Abstract
Background Demand for GP services in the Republic of Ireland (RoI) is increasing, and the resultant escalation in workload demands is an issue of growing concern. Accordingly, the accurate measurement and description of GP workload is essential to inform future healthcare planning.
Aim To provide a real-time measurement of GP workload with respect to hours worked and of proportional time expenditure on typical workload activities.
Design and setting A prospective study among GPs in the RoI that took place from January 2019 to March 2019.
Method Participants were invited to enrol in the study by direct email invitation and via notifications posted within GP-specific monthly journals; online forums; and a social media platform. Participants used a time-management software program to self-record workload activity in real time over 6 weeks.
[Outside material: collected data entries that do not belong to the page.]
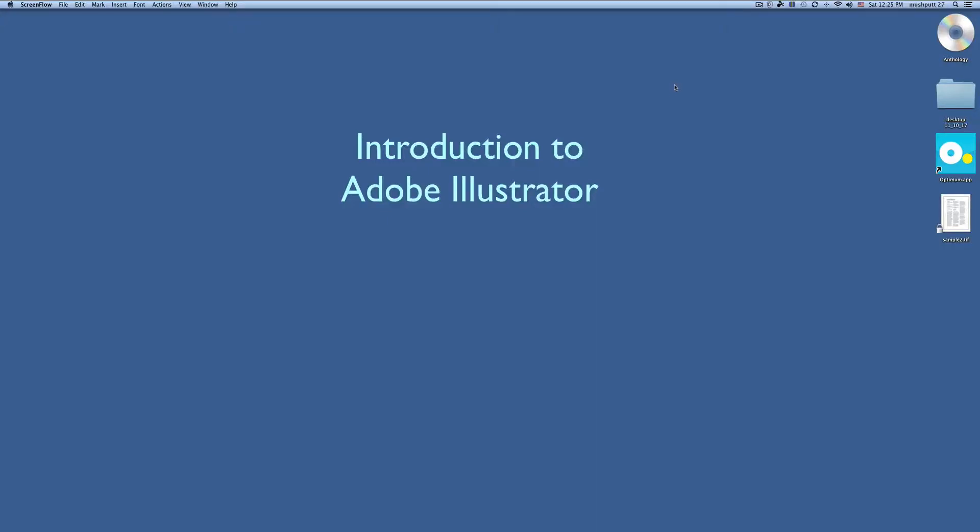Okay, basic introduction to Adobe Illustrator. I'll be demonstrating with an older version of the program called CS5.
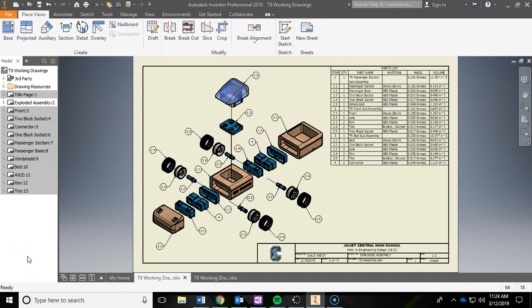In this video we are going to be covering the exploded assembly sheet for the T9 Automoblox project. You'll notice some added information on this sheet — for example, the balloons, which are those little arrows with circles and numbers identifying each part. You'll also notice up in the top right corner we have a parts list, so I'm going to show you how to bring that in and how to edit it to include material, mass, and volume.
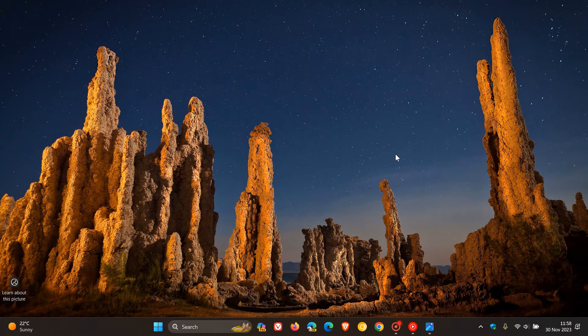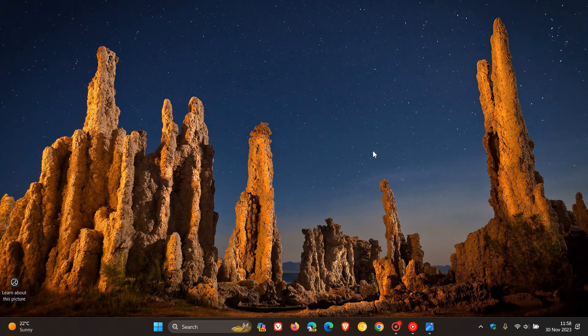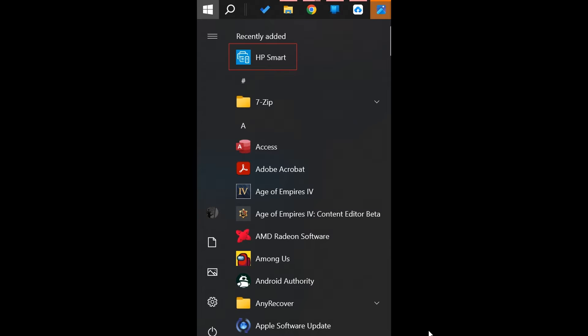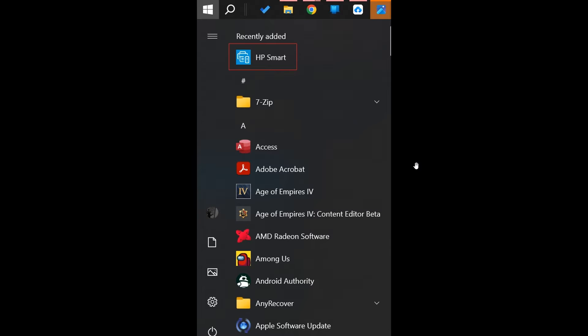The confusing bit is that it's appearing on non-HP devices as well, like Lenovo laptops. Windows Latest provided a screenshot showing the HP Smart app under the recently added apps list in the Windows 10 start menu. This was installed without user consent from the Microsoft Store on a non-HP device, which is the concerning bit.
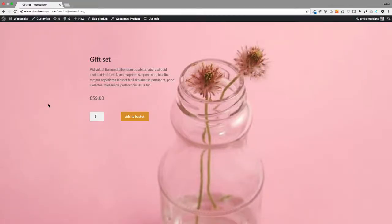Hi, Jamie here from PoodlePress. Hope you're well. Here's a look at the next version of WooBuilder, WooBuilder version 2.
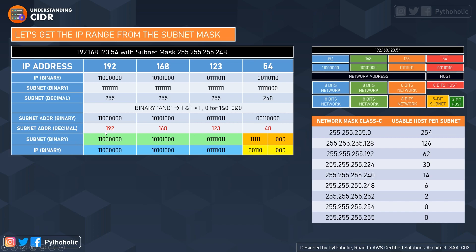So 192.168.123.48 is the subnet address. Now we divide this into the network address part and the host part. The host part, as discussed previously, can be split further into the five-bit subnet part and the three-bit host part. The three-bit host starts from zero, zero, zero.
Results In total, 123 GPs were included for final analyses with a total of 8930 hours of activity recorded. The mean duration of a two-session day (excluding break-time) was 9.9 hours (95% confidence interval [CI] = 9.7 to 10.0; interquartile range [IQR] 7.9 to 13.9). Of this time, 64% was spent on clinical consultations. In total, 25.4% of activity was recorded outside the hours of 9.00 am and 5.00 pm. An average of 12.4 face-to-face consultations were completed per session of activity. The mean duration of a 10-session week was greatest for the partner (50.8 hours; 95% CI = 49.8 to 51.9) and >55-year-old (50.8 hours; 95% CI = 49.3 to 52.2) demographics, relative to their respective colleagues.
Conclusion To the authors’ knowledge, this is the first study to provide an objective, accurate, and granular real-time measurement of GP workload in the RoI, demonstrating the significant volume and variety of work undertaken by GPs in the RoI.
INTRODUCTION
GPs play a central role in the delivery of health care in the Republic of Ireland (RoI) completing approximately 19 million consultations per year.1 The demand for GP services is increasing both in the RoI and internationally as populations age and grow.2,3 The ability to meet future demand is an issue of increasing concern.4–6
Additional recruitment and improved retention of GPs are essential tenets for future healthcare planning,7,8 both of which may be compromised by concerns regarding GP workload. An increasing workload burden is the most common reason to consider emigration cited by newly qualified doctors and GP graduates in the RoI.9,10 It is also the most commonly referenced cause of burnout within the profession,11–19 which in turn can adversely affect patient care.16,20–23 Despite the growing recognition that GP workload must be maintained at manageable levels, knowledge of actual workload composition remains poor.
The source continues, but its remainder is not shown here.